→ Problem to work on
Because the copy must hold no pictures, return the data below with all of its words intact.
Extracted information section start
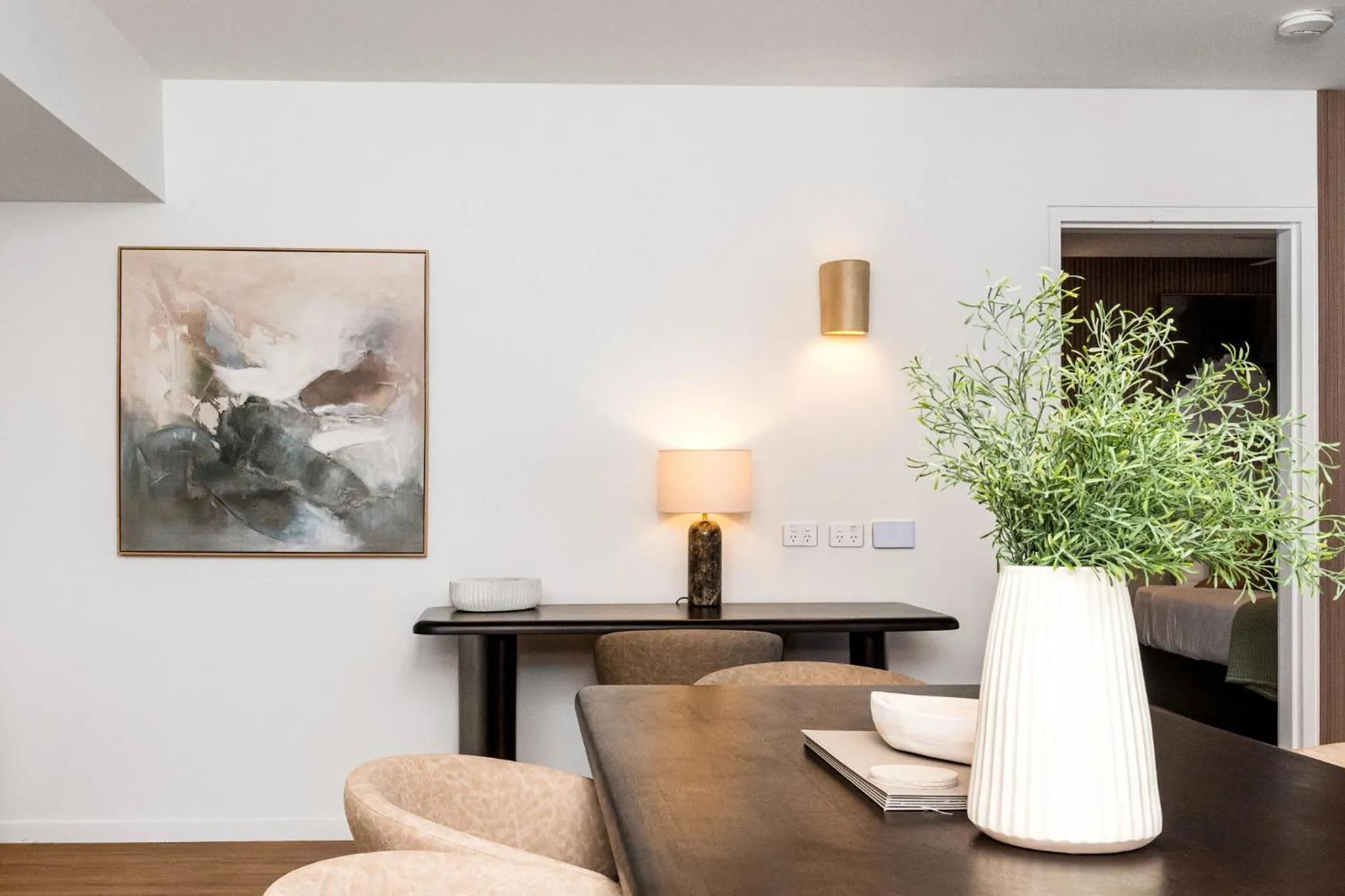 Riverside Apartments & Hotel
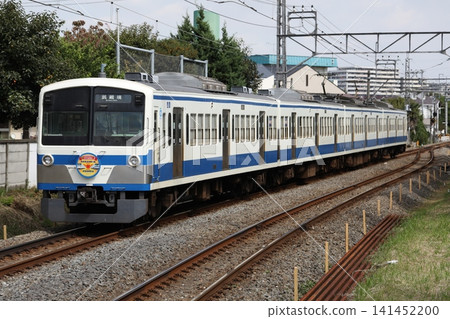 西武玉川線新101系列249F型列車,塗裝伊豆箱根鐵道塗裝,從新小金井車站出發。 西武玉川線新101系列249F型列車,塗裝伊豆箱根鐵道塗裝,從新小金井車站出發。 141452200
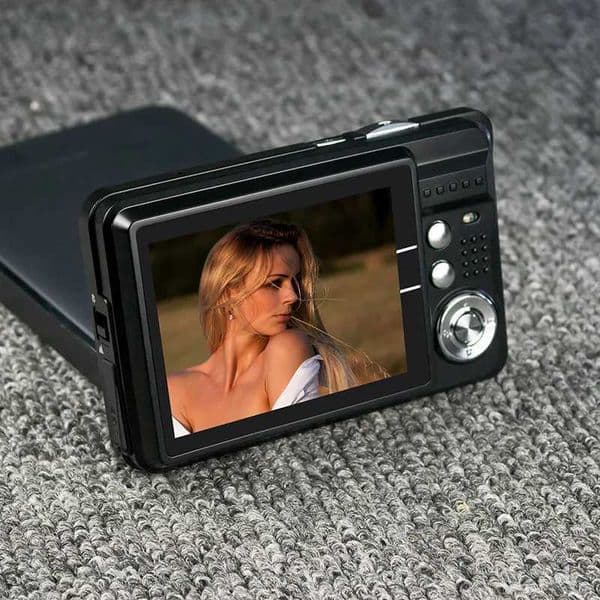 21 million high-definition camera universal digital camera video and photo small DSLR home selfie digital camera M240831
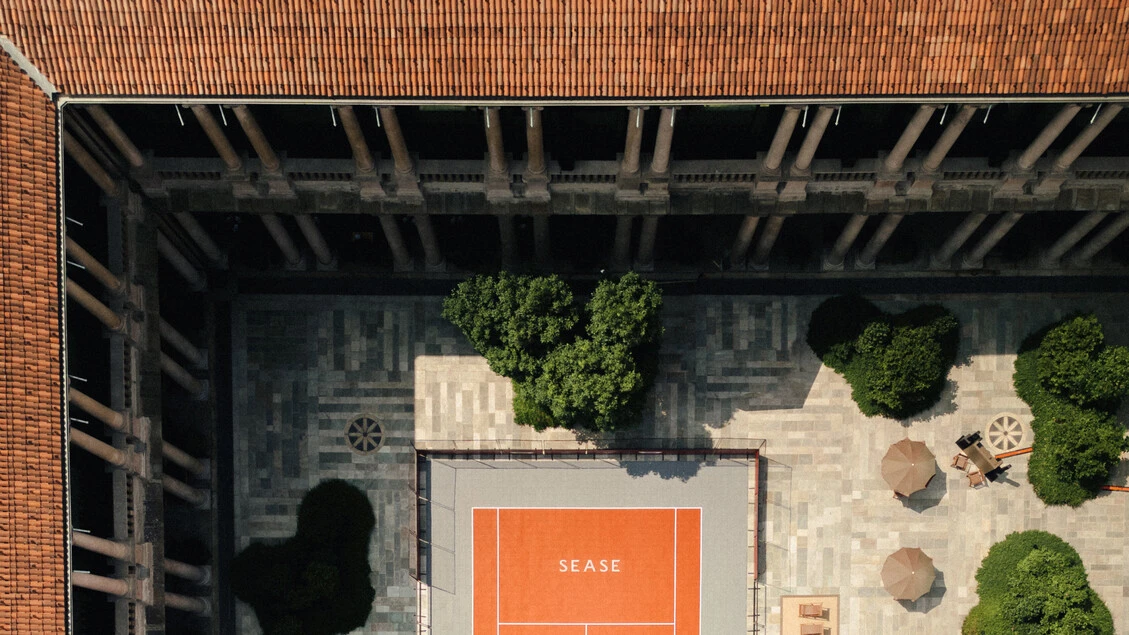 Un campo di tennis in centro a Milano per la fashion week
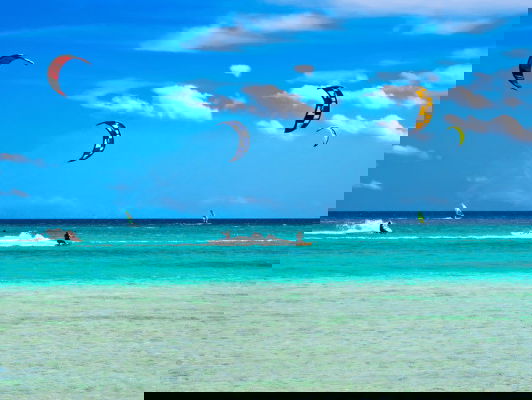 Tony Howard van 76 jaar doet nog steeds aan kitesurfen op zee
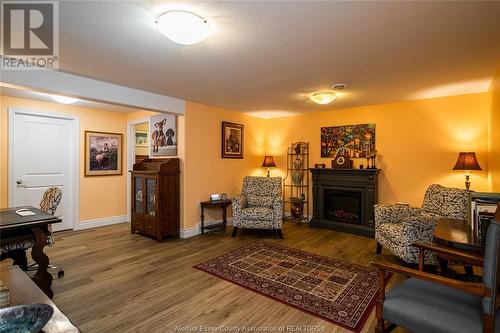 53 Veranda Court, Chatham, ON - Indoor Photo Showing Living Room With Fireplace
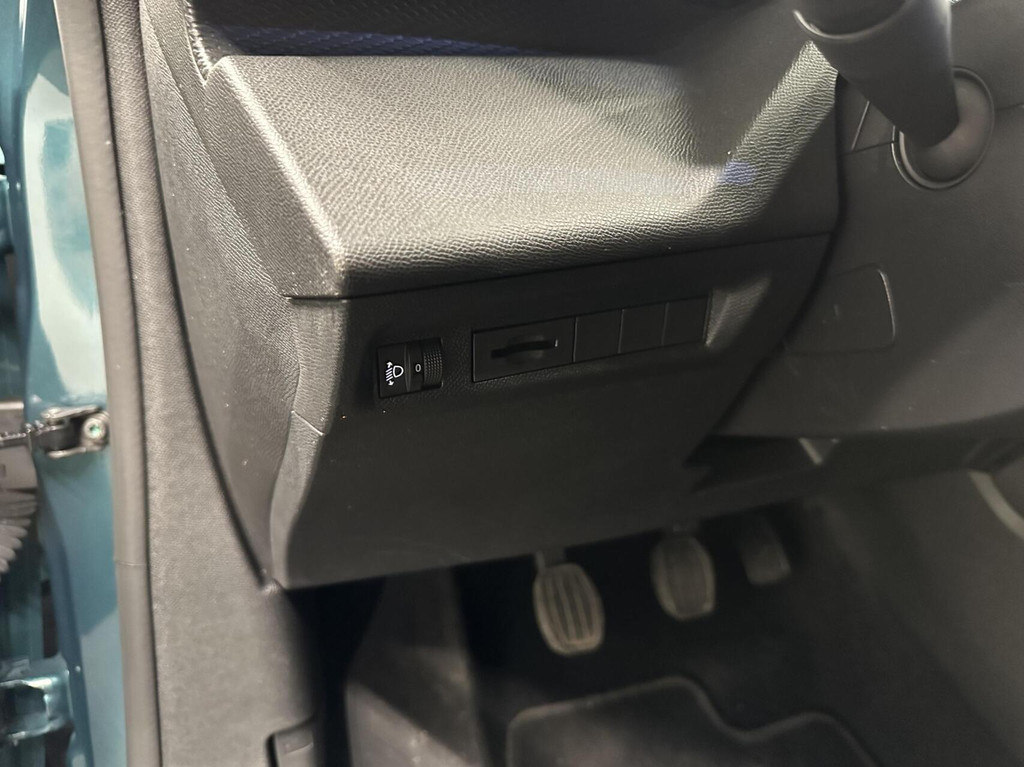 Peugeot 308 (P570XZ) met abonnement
Extracted information section end
→ Answer for this exercise
 Riverside Apartments & Hotel
 西武玉川線新101系列249F型列車,塗裝伊豆箱根鐵道塗裝,從新小金井車站出發。 西武玉川線新101系列249F型列車,塗裝伊豆箱根鐵道塗裝,從新小金井車站出發。 141452200
 21 million high-definition camera universal digital camera video and photo small DSLR home selfie digital camera M240831
 Un campo di tennis in centro a Milano per la fashion week
 Tony Howard van 76 jaar doet nog steeds aan kitesurfen op zee
 53 Veranda Court, Chatham, ON - Indoor Photo Showing Living Room With Fireplace
 Peugeot 308 (P570XZ) met abonnement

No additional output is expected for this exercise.